Massachusetts Daily Collegian

A free and responsible press serving the UMass community since 1890

A free and responsible press serving the UMass community since 1890

Massachusetts Daily Collegian

A free and responsible press serving the UMass community since 1890

Massachusetts Daily Collegian

The rundown: Who not to vote for and why

This election season, the candidates abound and all of them claim to have all the answers. But can we trust any of them with the office?

First, the Republicans.

Mitt Romney cannot be counted on to stand by the principles that he is campaigning on. He used to be a liberal who supported gun laws and advocated for the freedom of same-sex couples to marry.
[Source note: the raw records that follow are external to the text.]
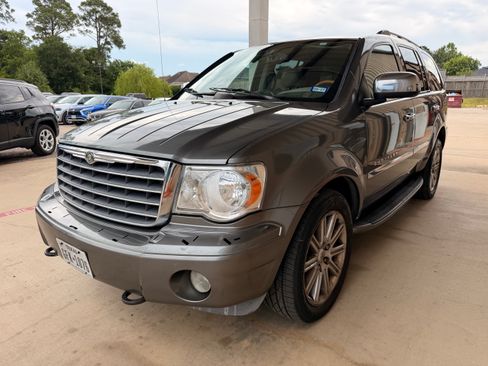 Used 2008 Chrysler Aspen AWD Limited image 3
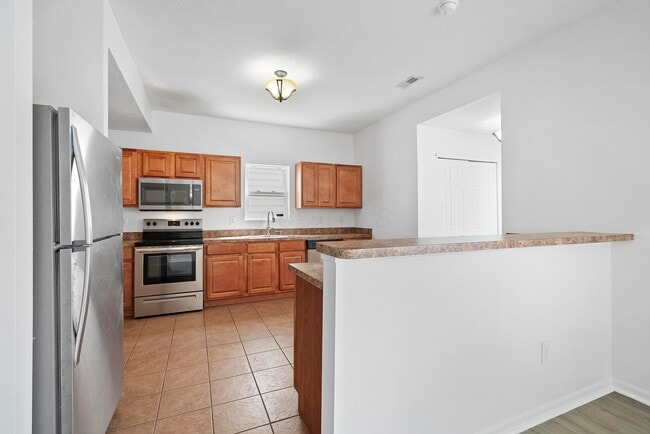Building Photo - 4035 Redroyal Ave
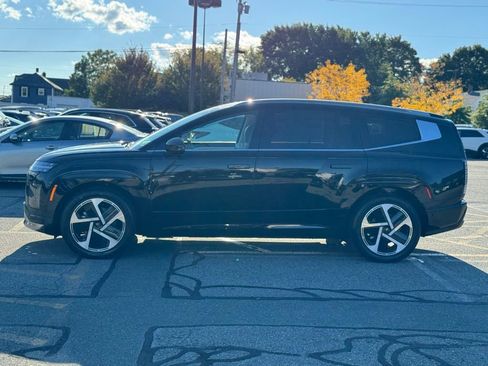 New 2026 Hyundai Ioniq 9 Calligraphy image 2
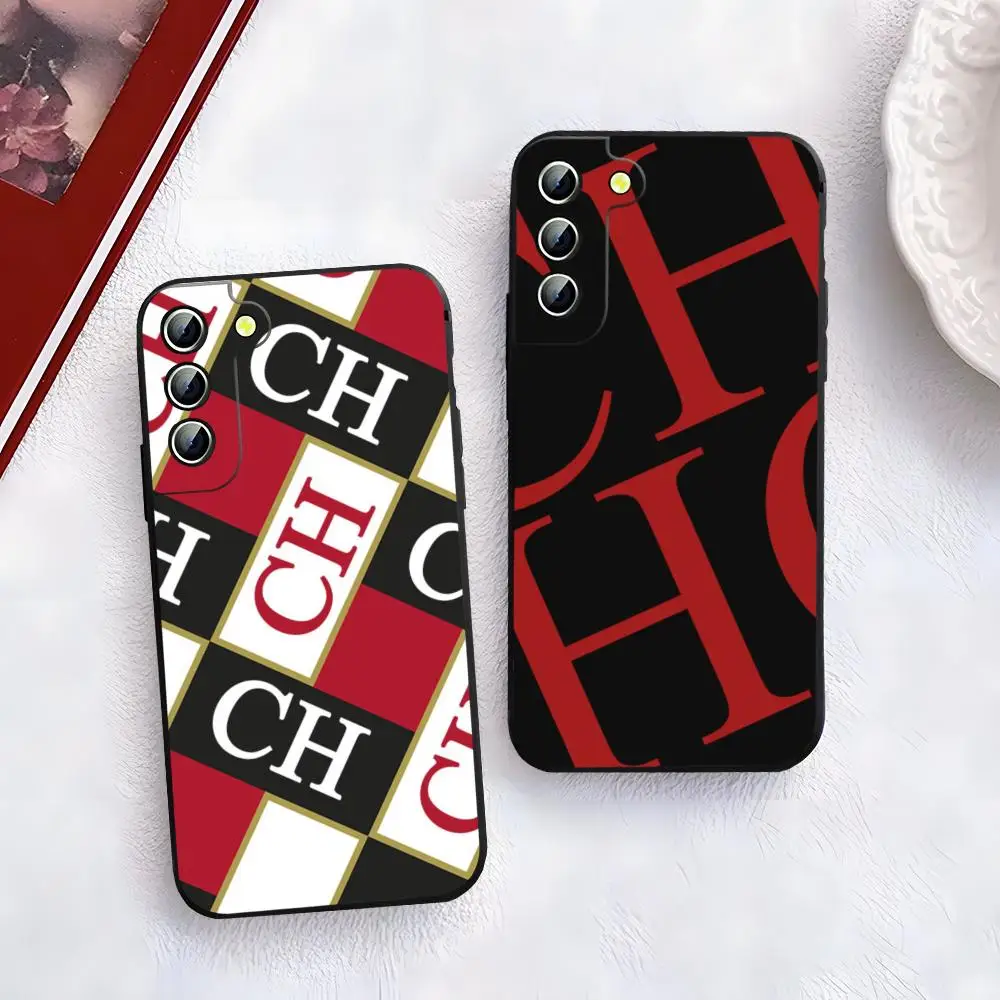 C-Carolina moda h-herrera funda de teléfono para Samsung Galaxy A31 A33 A52 A13 S24 S23 S22 S25 A55 A53 contraportada
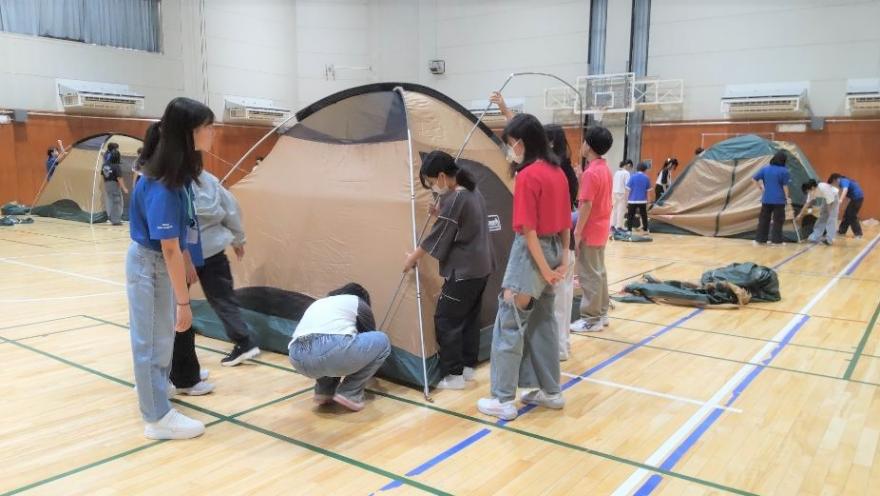 テント設営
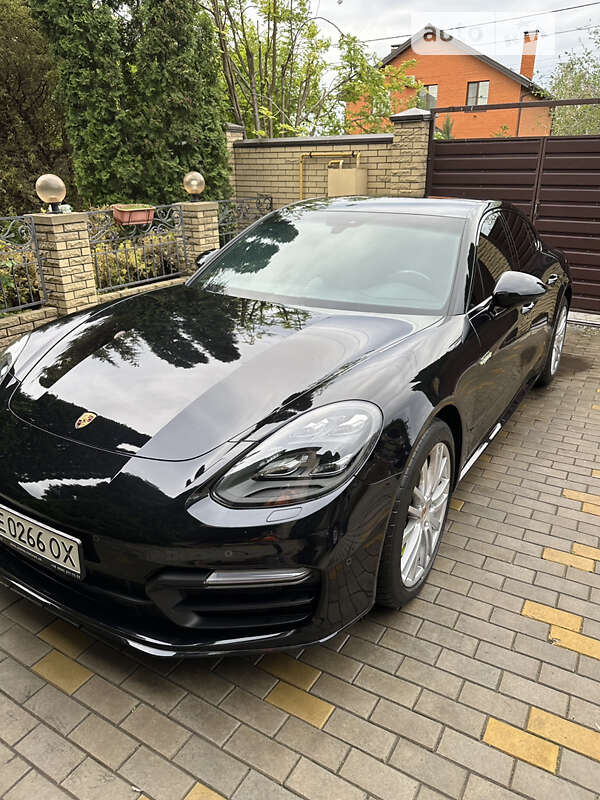 Фастбек Porsche Panamera 2017 в Дніпрі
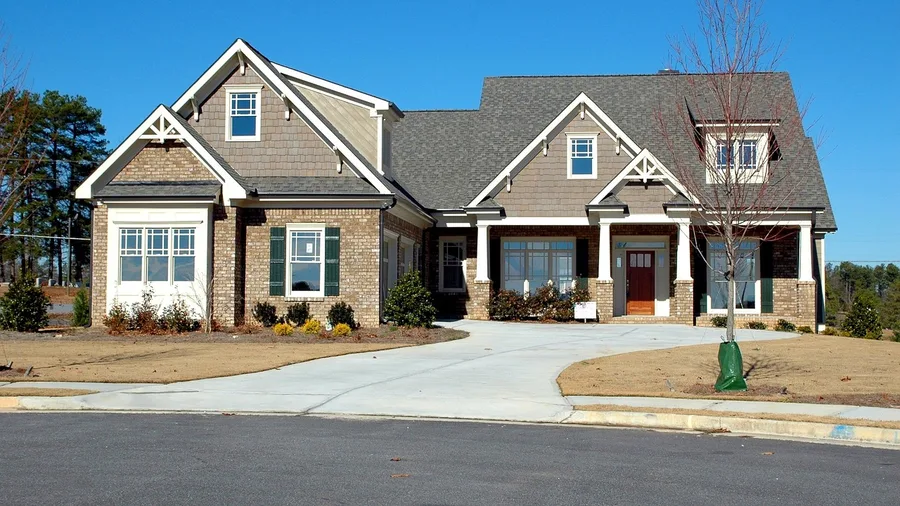 Oversized Family Homes Trap Cash in Maintenance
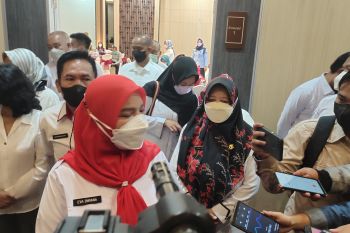 Tujuh guru SD tertular COVID-19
More recently, he’s a new member of the National Rifle Association and aired a television advertisement during the Iowa caucuses trumpeting his support for a federal law banning same-sex marriage.

He used to support Roe v. Wade and a woman’s right to choose, but in his bid for the Republican nomination he has promoted his views as strictly pro-life, emphasizing his belief that life begins at conception.

His ideological transformation seems genuine only to the most gullible of voters. He is a political opportunist who panders to whatever crowd matters at that particular moment. Who will matter to him once he is president?

John McCain is running for the Republican nomination, but I couldn’t tell you why. He disagrees with right-wing conservatives on almost every count, teaming with liberal Ted Kennedy to draw up an amnesty bill for illegal aliens and cooperating with Democrat Russ Feingold to increase government regulation in campaign finance.

He has continually voted for higher taxes while in the Senate and of all people to endorse him, Democrat Joe Lieberman was the first. He is for a very big government, a view that separates him from low tax, free market Republicans.

McCain has also stated that our troops should remain in Iraq for 100 years “if necessary.” McCain is in the forefront of trigger-happy, pro-war neoconservatives, a group which has thousands of brave men and women in uniform on their conscience in a war that never had to happen.

With a conservative base that is incessantly fed up with establishment Republicans and their badly managed war, McCain is not exactly a God-send.

Not to mention he’s a dinosaur.

Mike Huckabee is a Southern Baptist minister, which is curious considering he suffered five admonitions and $1,000 in fines by the ethics committee in Arkansas for failure to report campaign payments made to him during his re-election bid.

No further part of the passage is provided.